DATASET EXCERPT:
--

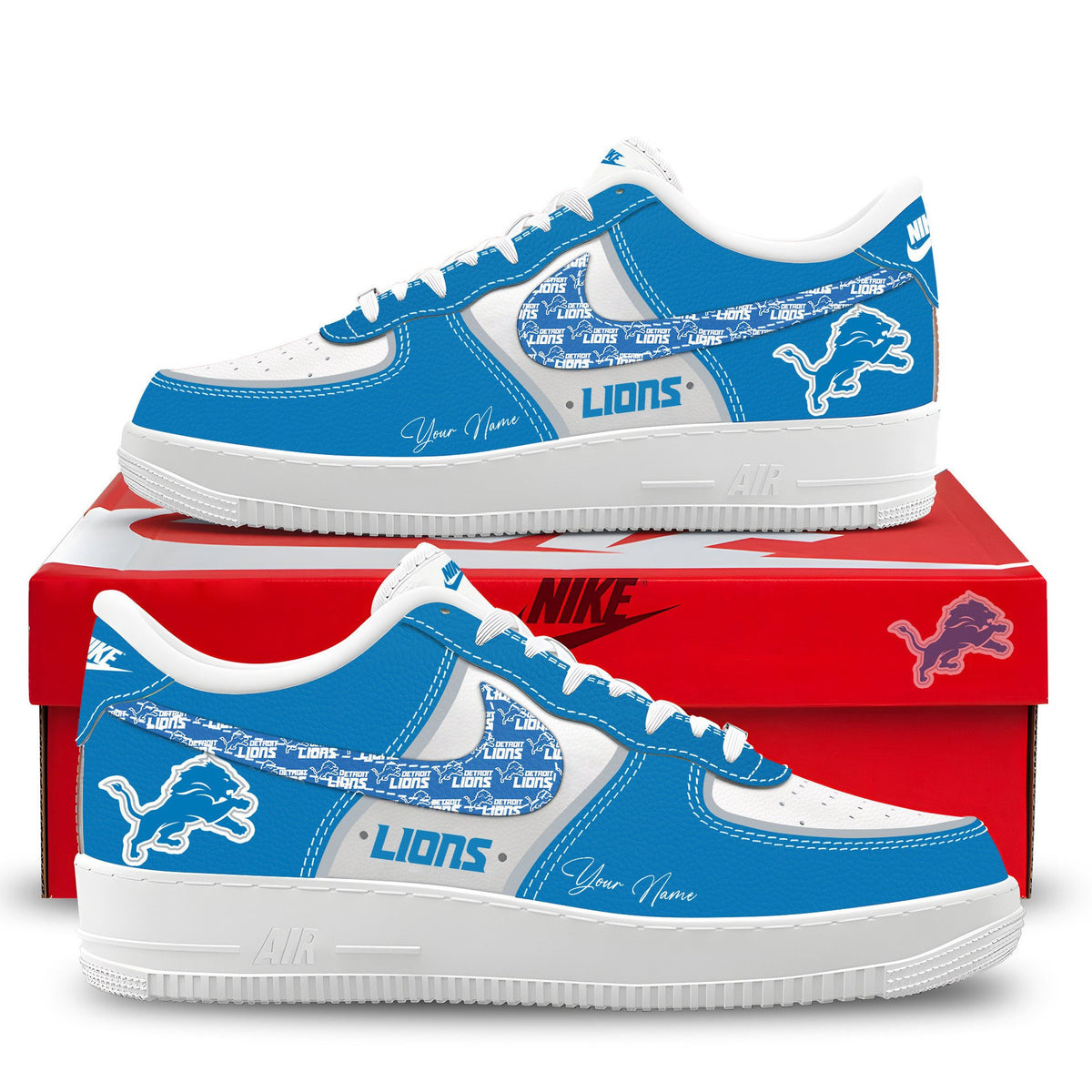Custom Detroit Lions 2026 Sneakers Detroit Lions Merch Football Lovers Gifts - Foxy23shop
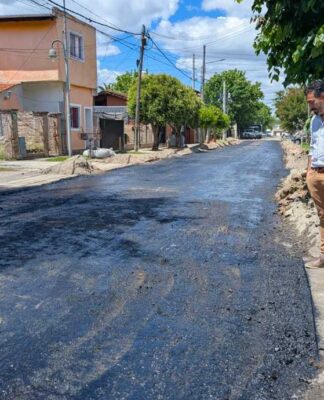 Zamora monitoreó el desarrollo del Plan de Pavimentación del Municipio de Tigre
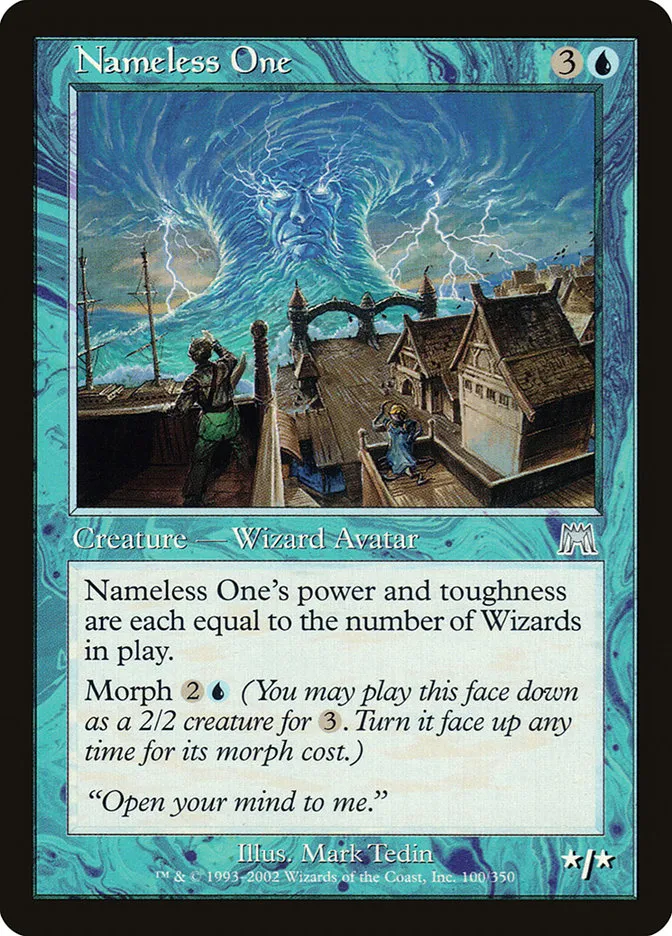 2002 Onslaught Nameless One uncommon #100 uncommon card image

--

WHAT TO DO:
Only the pictures in the listing above get left out; print everything else exactly.

FINISHED TASK:
Custom Detroit Lions 2026 Sneakers Detroit Lions Merch Football Lovers Gifts - Foxy23shop
 Zamora monitoreó el desarrollo del Plan de Pavimentación del Municipio de Tigre
 2002 Onslaught Nameless One uncommon #100 uncommon card image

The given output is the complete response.